**TASK DIRECTIONS:** The task calls for the lines below from the line with "EAI 56306 - Alternatore autozon.pro" to the line with "Amoonsky ams-v5 многофункциональная", both ends included, copied exactly, without any pictures.
-- DATA SUPPLIED follows --
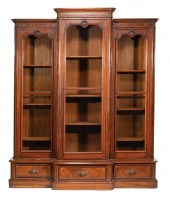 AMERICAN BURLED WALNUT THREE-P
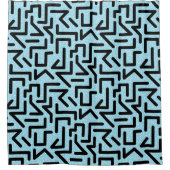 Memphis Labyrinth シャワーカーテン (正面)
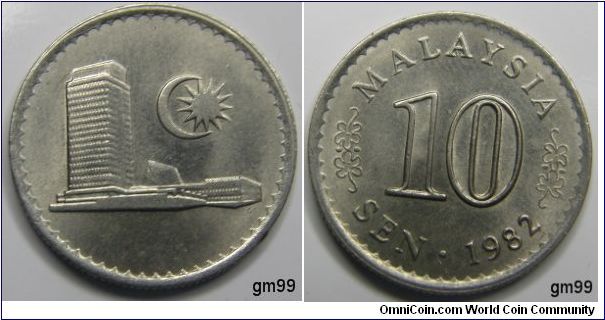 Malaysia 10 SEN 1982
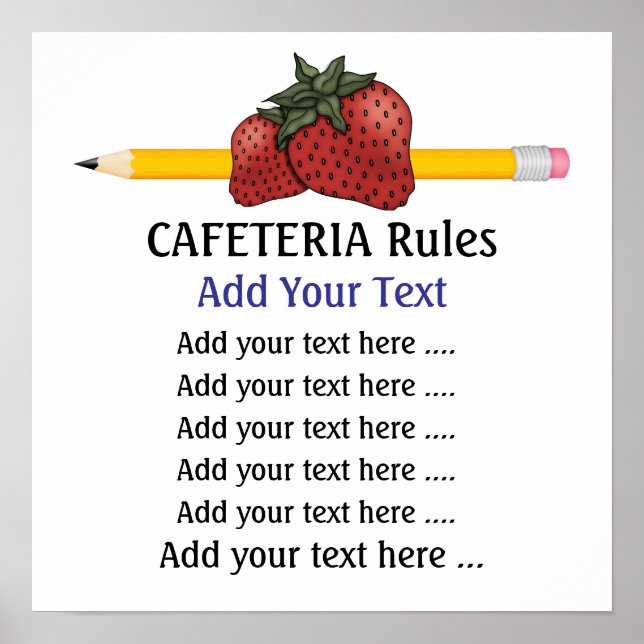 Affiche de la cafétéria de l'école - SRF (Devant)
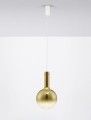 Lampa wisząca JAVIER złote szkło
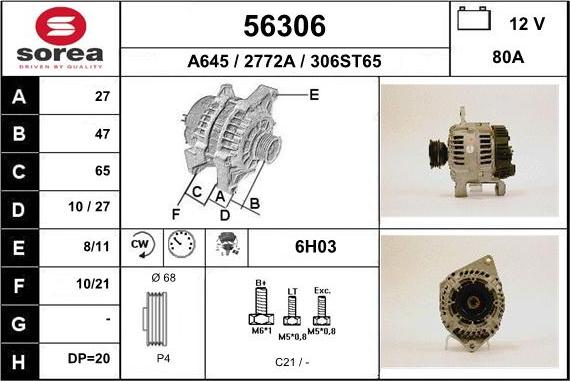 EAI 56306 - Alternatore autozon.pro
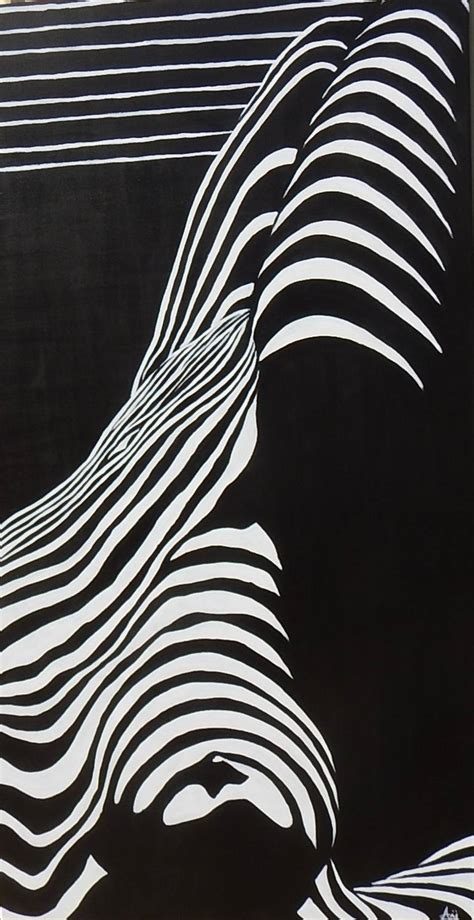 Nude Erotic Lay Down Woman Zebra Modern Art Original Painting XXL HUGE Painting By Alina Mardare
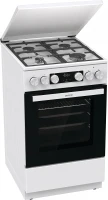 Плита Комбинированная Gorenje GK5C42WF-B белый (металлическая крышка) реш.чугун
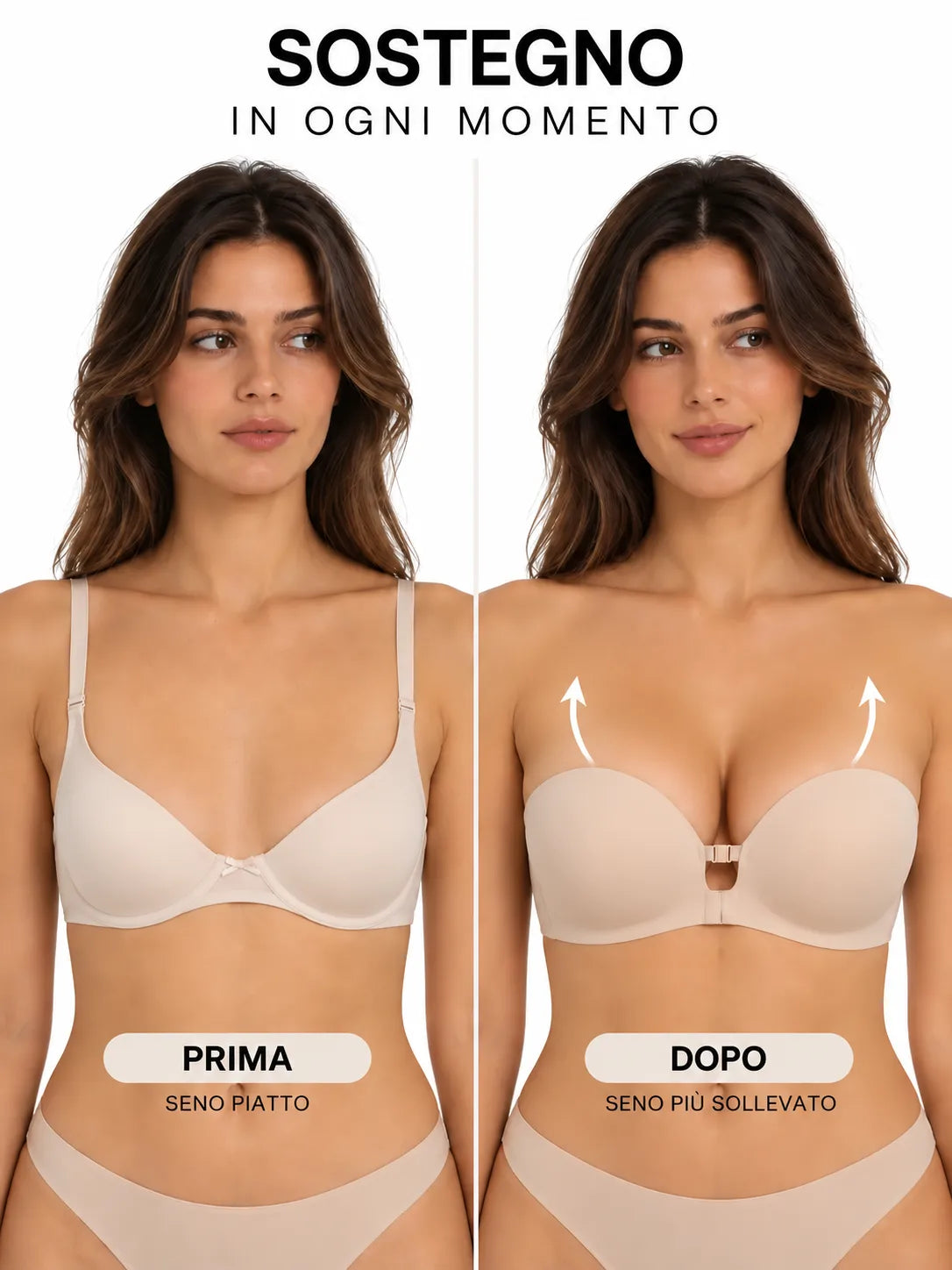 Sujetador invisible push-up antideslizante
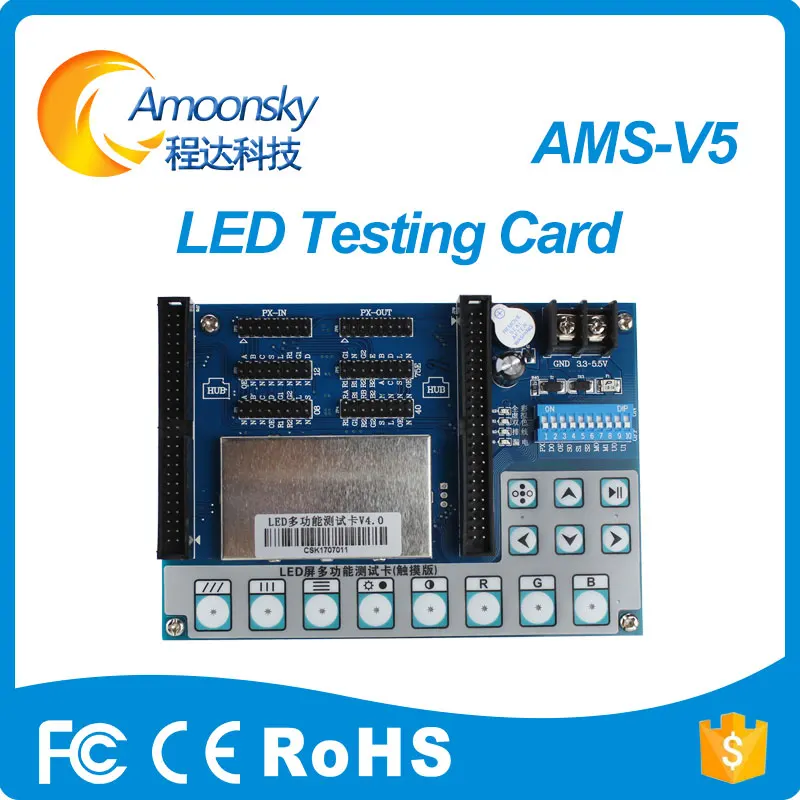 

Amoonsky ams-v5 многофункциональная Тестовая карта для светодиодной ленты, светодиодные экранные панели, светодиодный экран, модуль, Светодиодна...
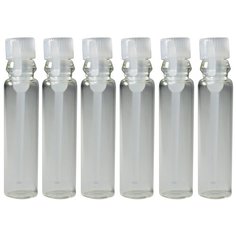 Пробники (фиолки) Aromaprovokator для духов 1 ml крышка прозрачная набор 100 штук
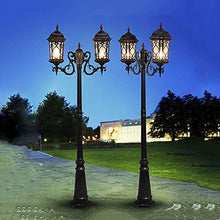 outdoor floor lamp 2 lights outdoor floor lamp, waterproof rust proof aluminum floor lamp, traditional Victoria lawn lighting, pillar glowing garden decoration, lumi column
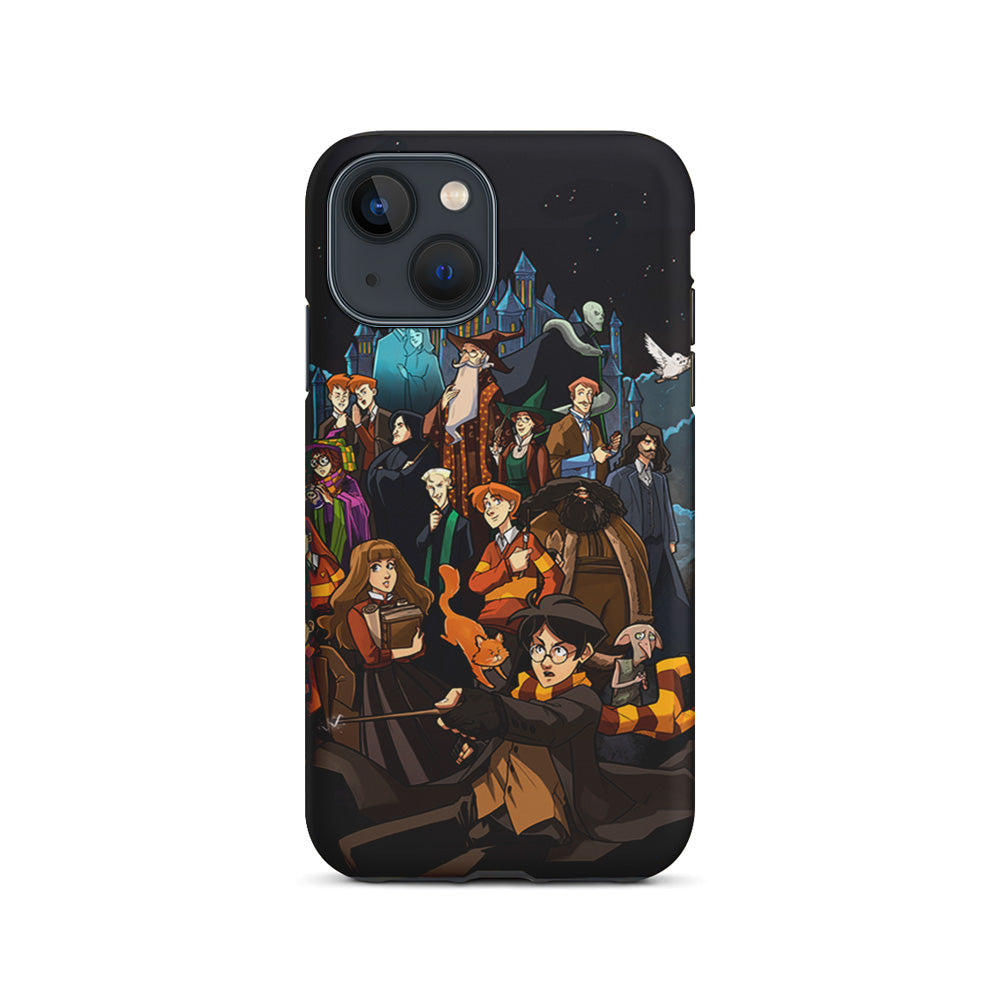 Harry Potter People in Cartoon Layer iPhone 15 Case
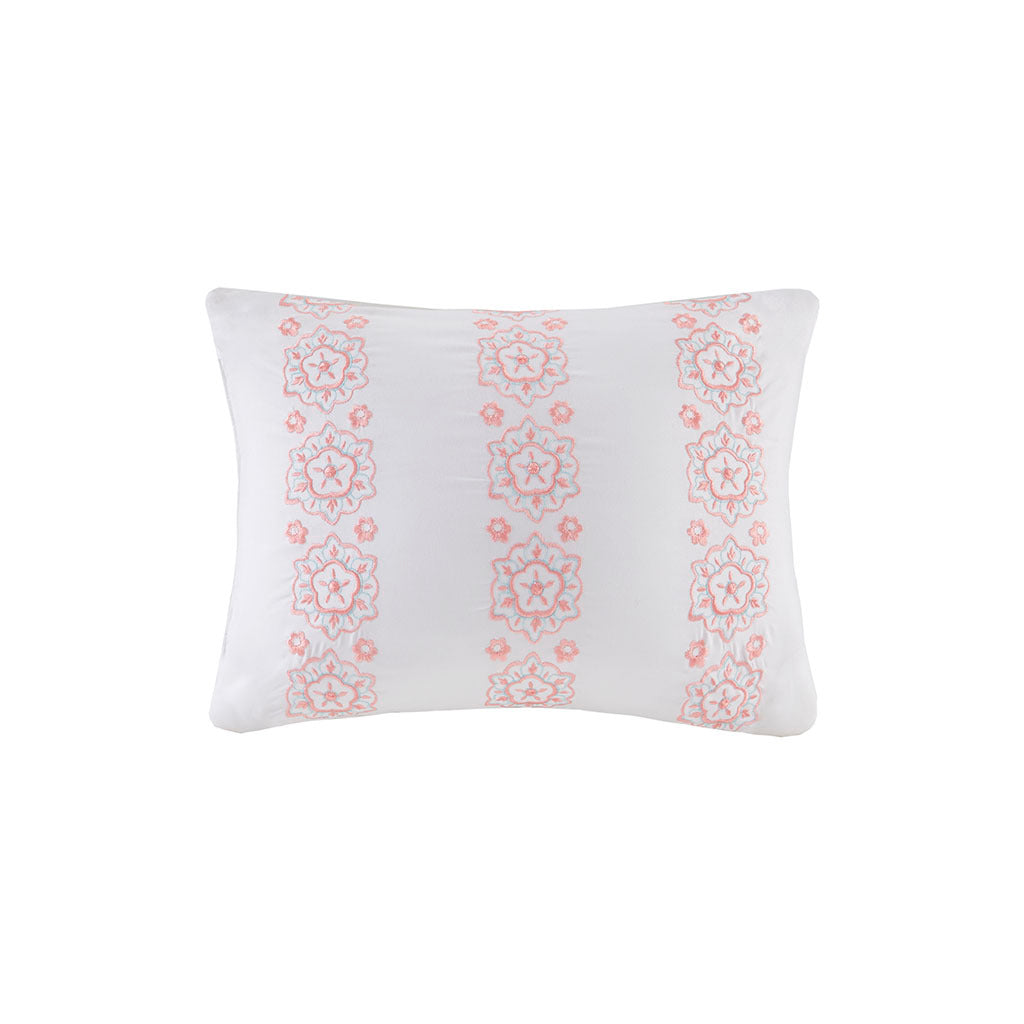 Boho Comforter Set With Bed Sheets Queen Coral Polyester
-- DATA SUPPLIED concluded --
**RESULT:**
 EAI 56306 - Alternatore autozon.pro
 Nude Erotic Lay Down Woman Zebra Modern Art Original Painting XXL HUGE Painting By Alina Mardare
 Плита Комбинированная Gorenje GK5C42WF-B белый (металлическая крышка) реш.чугун
 Sujetador invisible push-up antideslizante

Amoonsky ams-v5 многофункциональная Тестовая карта для светодиодной ленты, светодиодные экранные панели, светодиодный экран, модуль, Светодиодна...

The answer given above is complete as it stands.